Well, it's not ideal, but barring having another option it'll have to do. I'll visually examine them to see if there's any clues about the issue there, but it's hard to know without some serious spelunking. The tolerance short circuit in the tree/tree code is quite complex, living in the midst of a recursive function and all. I'll see if I can get it replicated in C, and we can go from there.
comment:40 by , 11 years ago
Milestone: | PostGIS 2.1.2 → PostGIS 2.2.0 |
---|
okay you've bandaged this enough for 2.1.2 I think. Lets do the real fix in 2.1.3 or 2.2.0
comment:41 by , 11 years ago
I'd like to keep on this one, having the knowledge in my head, can you provide the SQL to run against the attached data to demonstrate the problem?

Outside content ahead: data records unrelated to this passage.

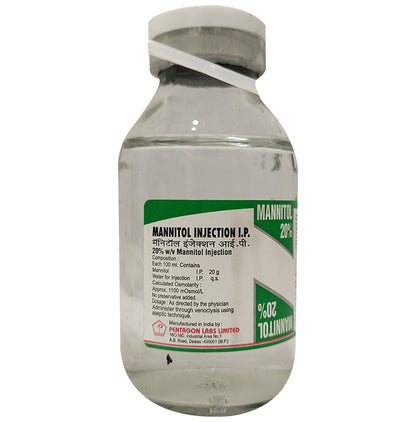 Mannitol 20% Infusion - Classic Derma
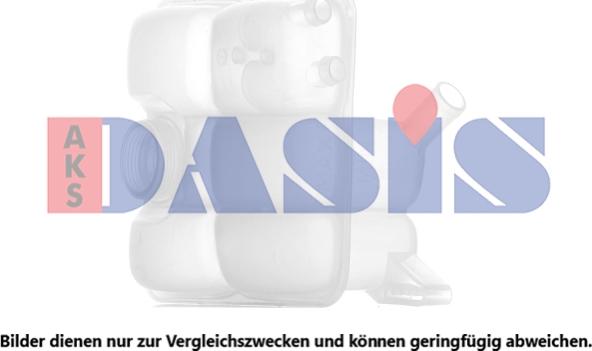 AKS Dasis 093007N - Expansion Tank, coolant car-mod.net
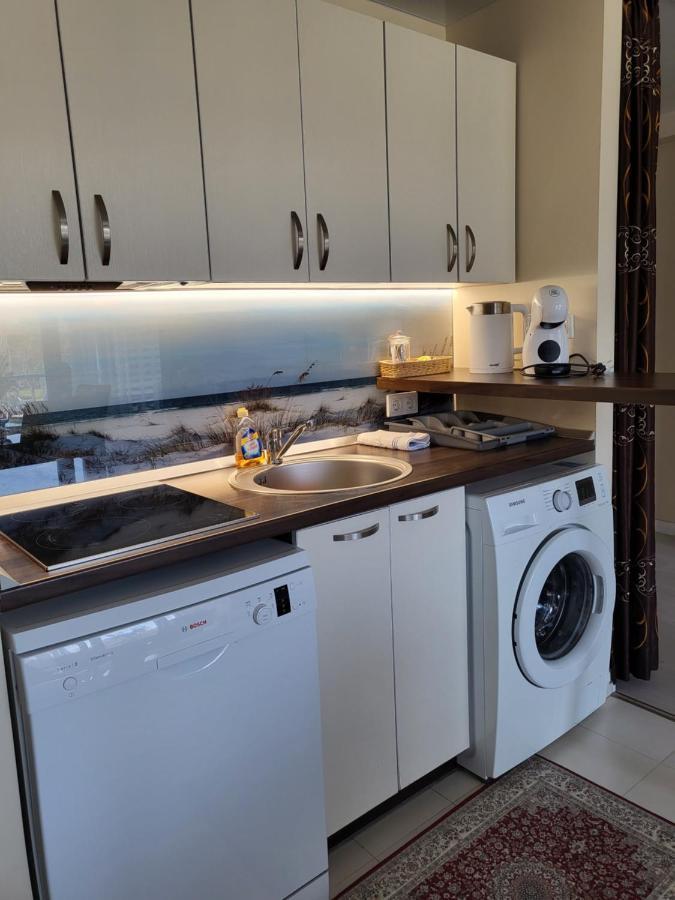 Studio Apartamentai Palangos Centre พาลังกา ภายนอก รูปภาพ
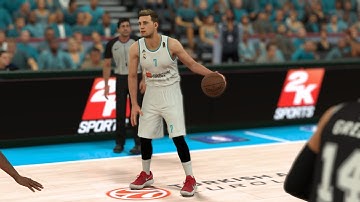 NBA 2K18 How to create Luka Doncic Real Madrid 2017-18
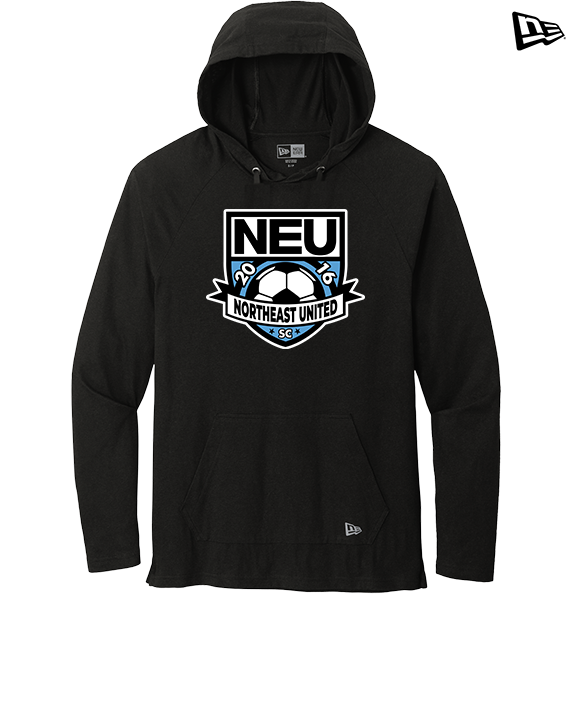 Northeast United Soccer Club Logo - New Era Tri-Blend Hoodie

comment:42 by , 11 years ago
I think it was this one:
SELECT gid, _ST_DWithin(geog, tgeog, 1609,true ) , ST_Distance(geog, tgeog) , _ST_DistanceUnCached(geog, tgeog) As uncached_dist FROM dwithgeogbug CROSS JOIN ST_GeogFromText('POINT(-69.83262 43.43636)') As tgeog; gid | _st_dwithin | st_distance | uncached_dist -----+-------------+----------------+------------------ 1 | t | 1400.230346843 | 1400.23034684253 2 | f | 1005.627279769 | 1005.62727976866
my comment being -- how can a bigger radius result in false when a smaller radius results in true
I think it works now because of your prior bandage
comment:43 by , 9 years ago
Resolution: | → fixed |
---|---|
Status: | new → closed |
This should now be correctly fixed at r13954
comment:44 by , 9 years ago
regression failure on winnie:
geography .. failed (diff expected obtained: /projects/postgis/tmp/2.2.0dev_pg9.4_geos3.5.0_gdal2.0w64/test_38_diff) ----------------------------------------------------------------------------- --- geography_expected 2015-08-20 14:19:09 -0400 +++ /projects/postgis/tmp/2.2.0dev_pg9.4_geos3.5.0_gdal2.0w64/test_38_out 2015-08-20 14:22:07 -0400 @@ -21,9 +21,9 @@ geog_precision_pazafir|0|0 geog_precision_pazafir|0|0 1|MULTILINESTRING((0 0,1 1)) -#2422|2|1609|t|t|1005.62727977|1006.24818105|1005.62727976958|1005.62727976958 -#2422|2|1600|t|t|1005.62727977|1006.24818105|1005.62727976958|1005.62727976958 -#2422|2|1068|t|t|1005.62727977|1006.24818105|1005.62727976958|1005.62727976958 +#2422|2|1609|t|t|1005.62727977|1006.24818105|1005.62727976922|1005.62727976922 +#2422|2|1600|t|t|1005.62727977|1006.24818105|1005.62727976922|1005.62727976922 +#2422|2|1068|t|t|1005.62727977|1006.24818105|1005.62727976922|1005.62727976922 #2422|1|1609|t|t|1400.23034685|1396.81609491|1400.23034684753|1400.23034684753 #2422|1|1600|t|t|1400.23034685|1396.81609491|1400.23034684753|1400.23034684753 #2422|1|1068|f|f|1400.23034685|1396.81609491|1400.23034684753|1400.23034684753 -----------------------------------------------------------------------------
comment:45 by , 9 years ago
Regression failures fixed at r 13955
It might be hard to find the exact differences because this is going to be a difference between the tree distance and the edge distance algorithms, and the tree distance gets turned on as caching goes active. Replace testing ST_Dwithin with testing for differences between _ST_DistanceUnCached and _ST_DistanceTree to avoid cache effects.